Source data:
——

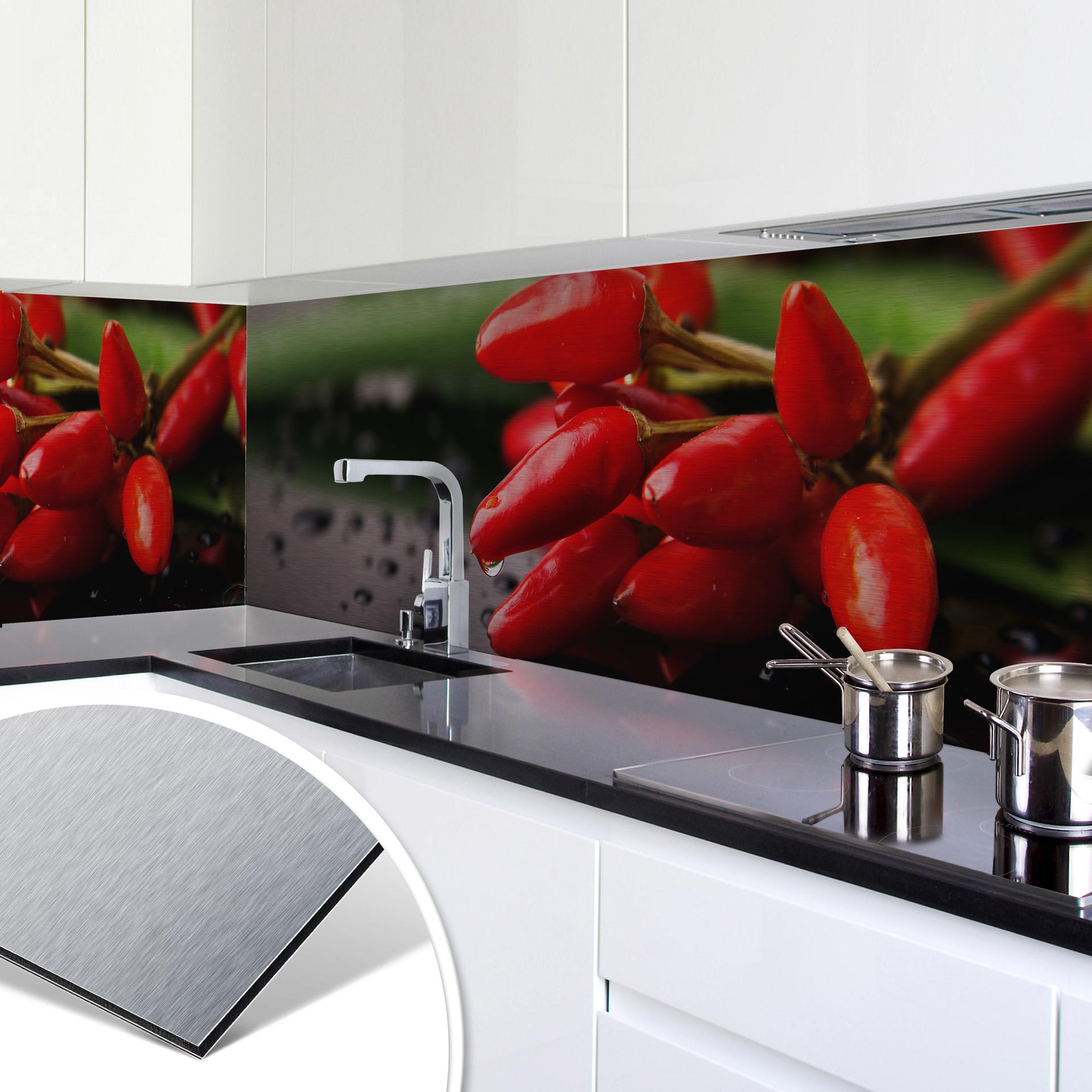 Revêtement pour cuisine - Alu-Dibond - Piments exotiques - Argenté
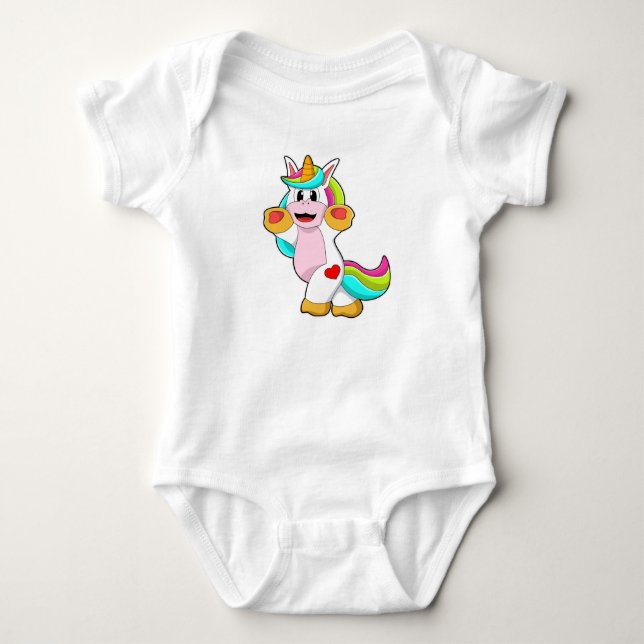 Body Para Bebê Unicórnio com Tatuagem do Coração (Frente)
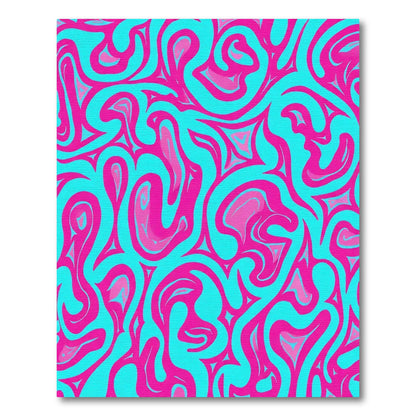 Vivid Teal Pink Swirl Abstract Rug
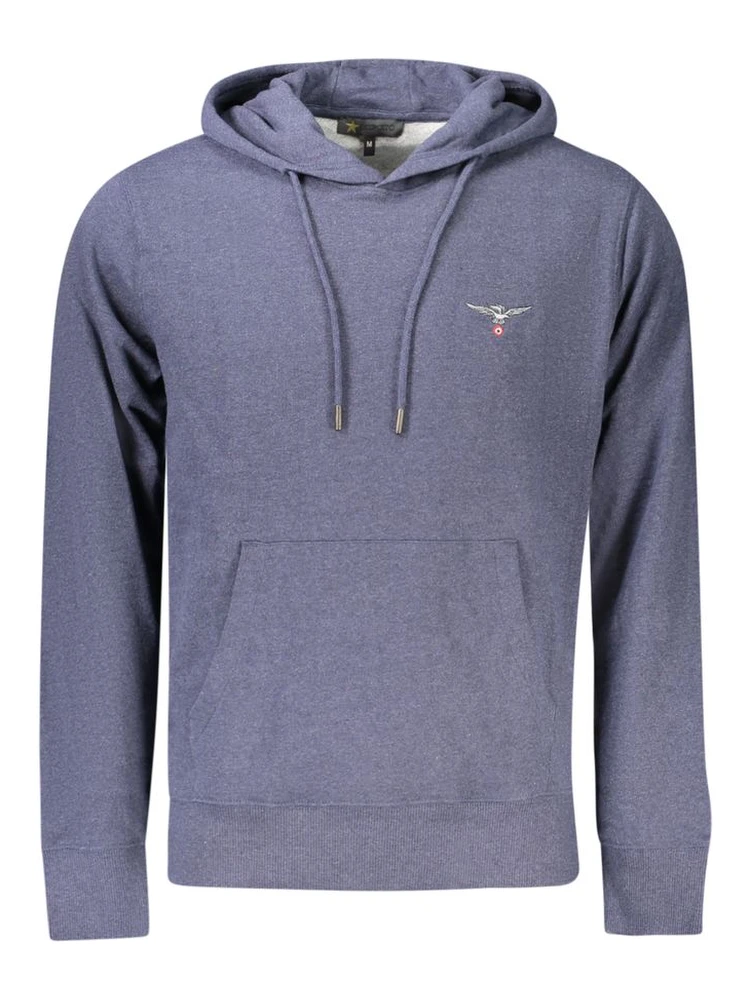 Blue Cotton Men's Hooded Sweater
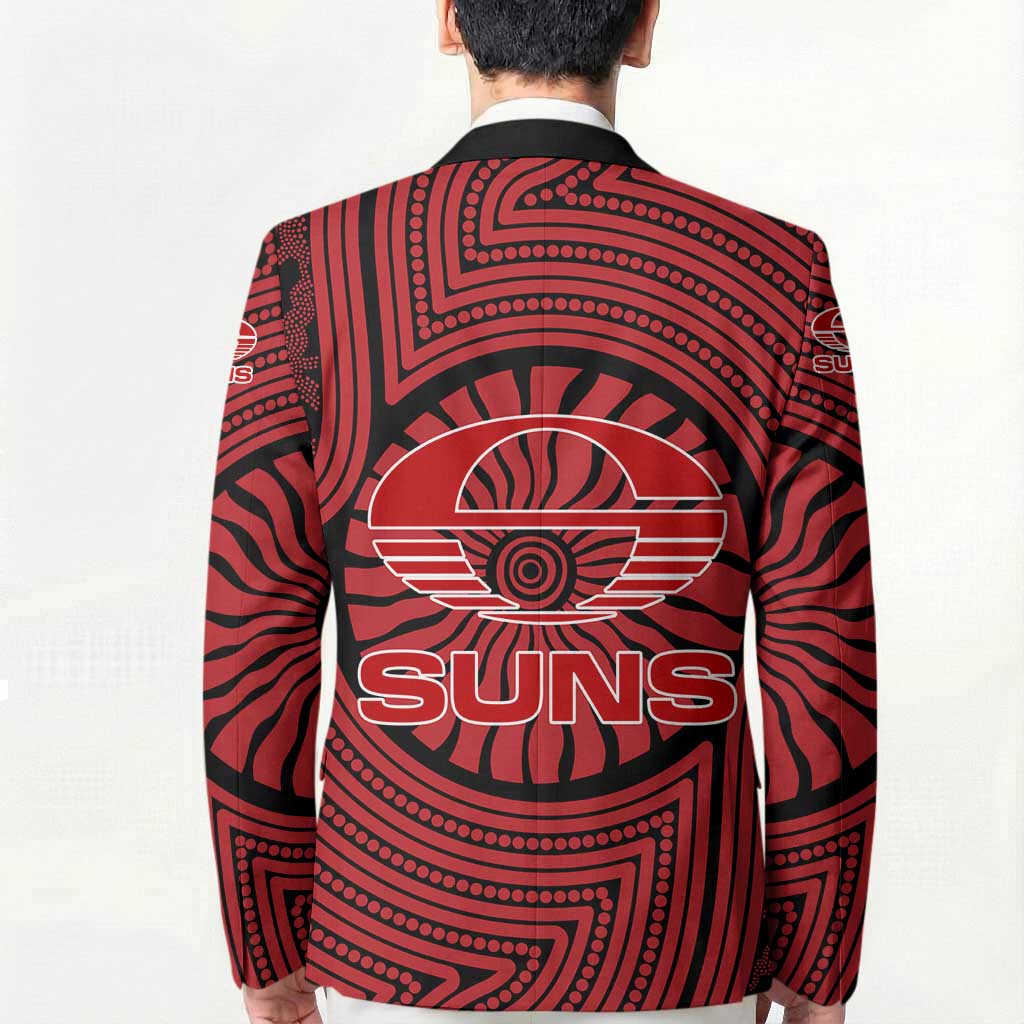 Gold Coast Suns Blazer Indigenous Monochrome Dot Art Mascot Style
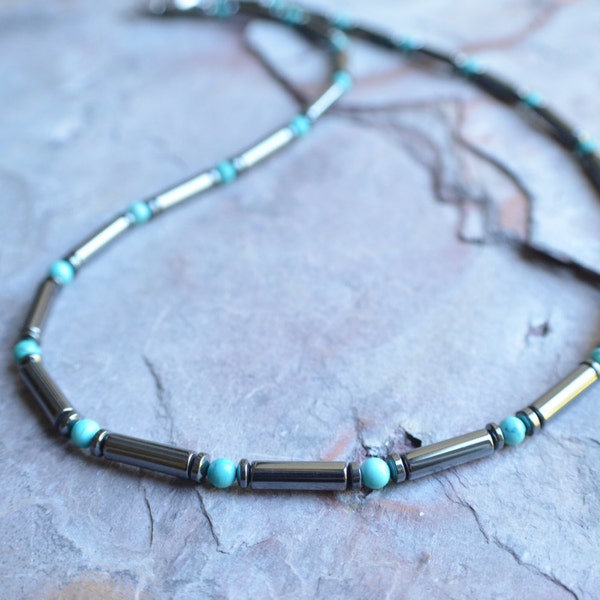 Mens Turquoise Necklace, Hematite Man Necklace, Mens Jewelry, Stone Necklace, Gift For Him - Cody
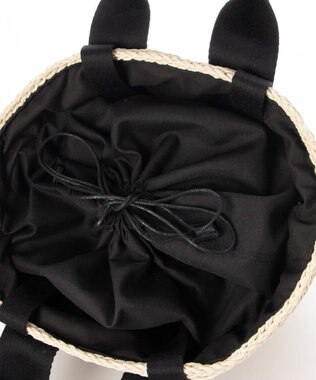 LA BAGAGERIE 【maison vert】 【ペーパー素材・多収納】ダブルハンドルかごバッグ ブラック×アイボリー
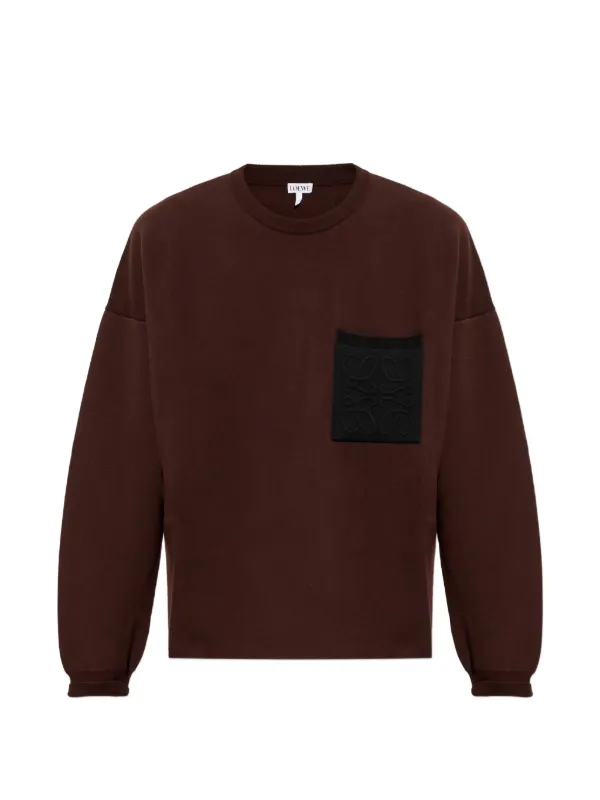 Loewe Anagram-patch Pocket Sweater in Brown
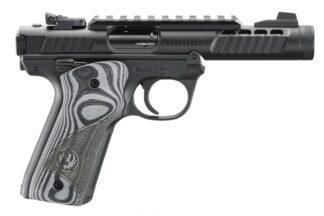 RUGER MARK IV 22/45 LITE 22LR 4.4IN BARREL 10RD BLACK OVERSIZED G10 GRIPS ADJUSTABLE REAR SIGHT PICATINNY RAIL NON-THREADED MA 43959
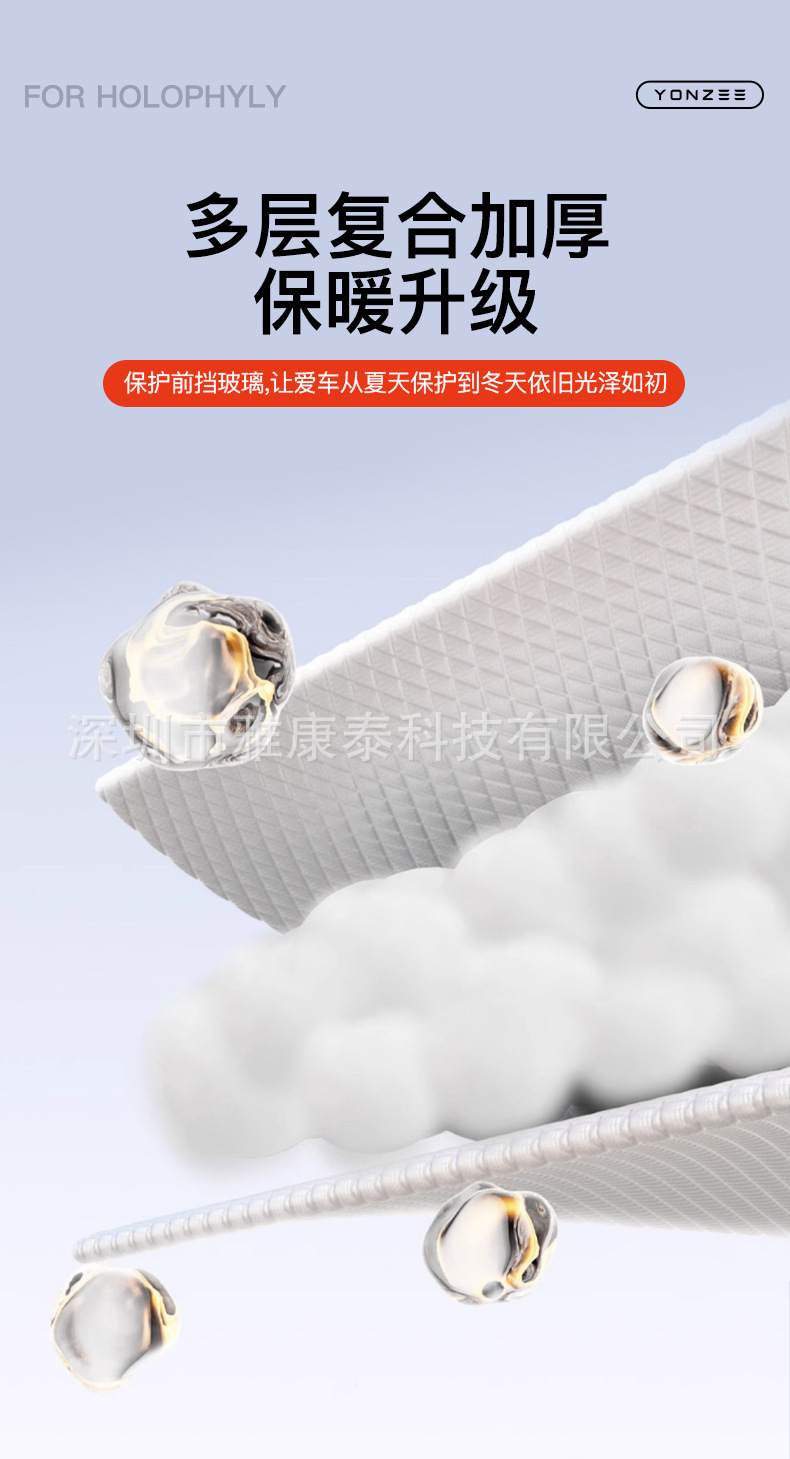 Suitable for Tesla Model Y/Yl/3 Car Front Windshield Winter Snow Cover, Anti-Freeze Cover, Anti-Frost Cover Y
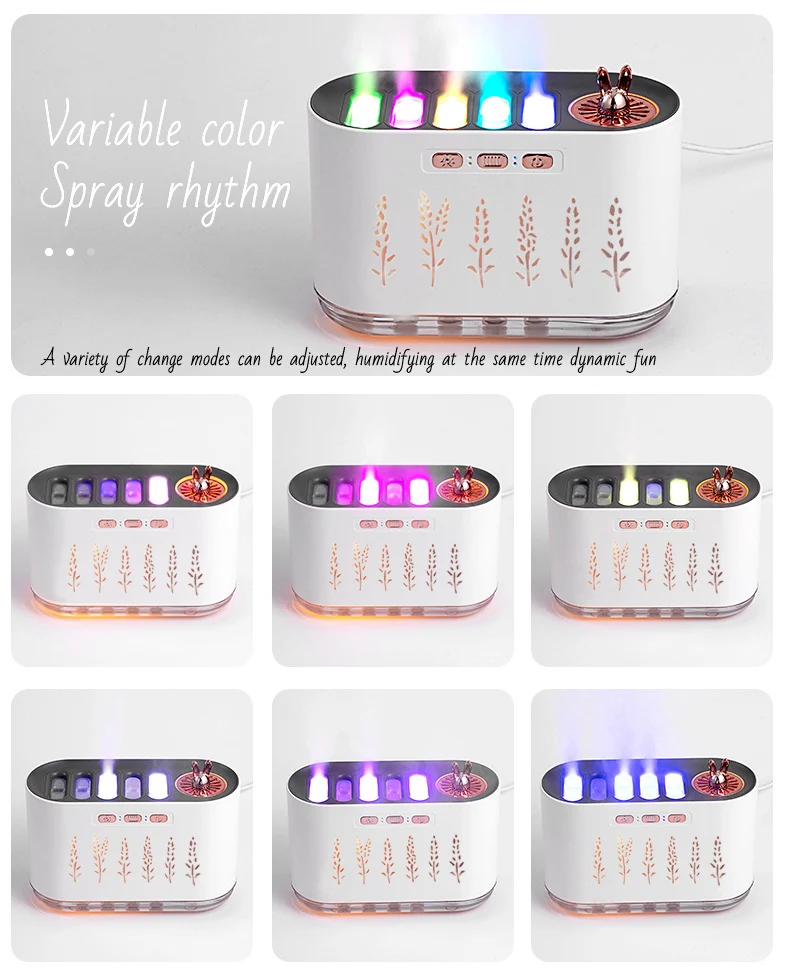 Cross-border New Air Humidifier Home Silent Bedroom Five-hole Spray Aromatherapy Creative Dynamic Colorful Voice Control Pick-up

——

What the task requires: Copy exactly the lines from the one containing "RUGER MARK IV" through the final line of the records above, both included, and leave out any pictures.

Output below:
 RUGER MARK IV 22/45 LITE 22LR 4.4IN BARREL 10RD BLACK OVERSIZED G10 GRIPS ADJUSTABLE REAR SIGHT PICATINNY RAIL NON-THREADED MA 43959
 Suitable for Tesla Model Y/Yl/3 Car Front Windshield Winter Snow Cover, Anti-Freeze Cover, Anti-Frost Cover Y
 Cross-border New Air Humidifier Home Silent Bedroom Five-hole Spray Aromatherapy Creative Dynamic Colorful Voice Control Pick-up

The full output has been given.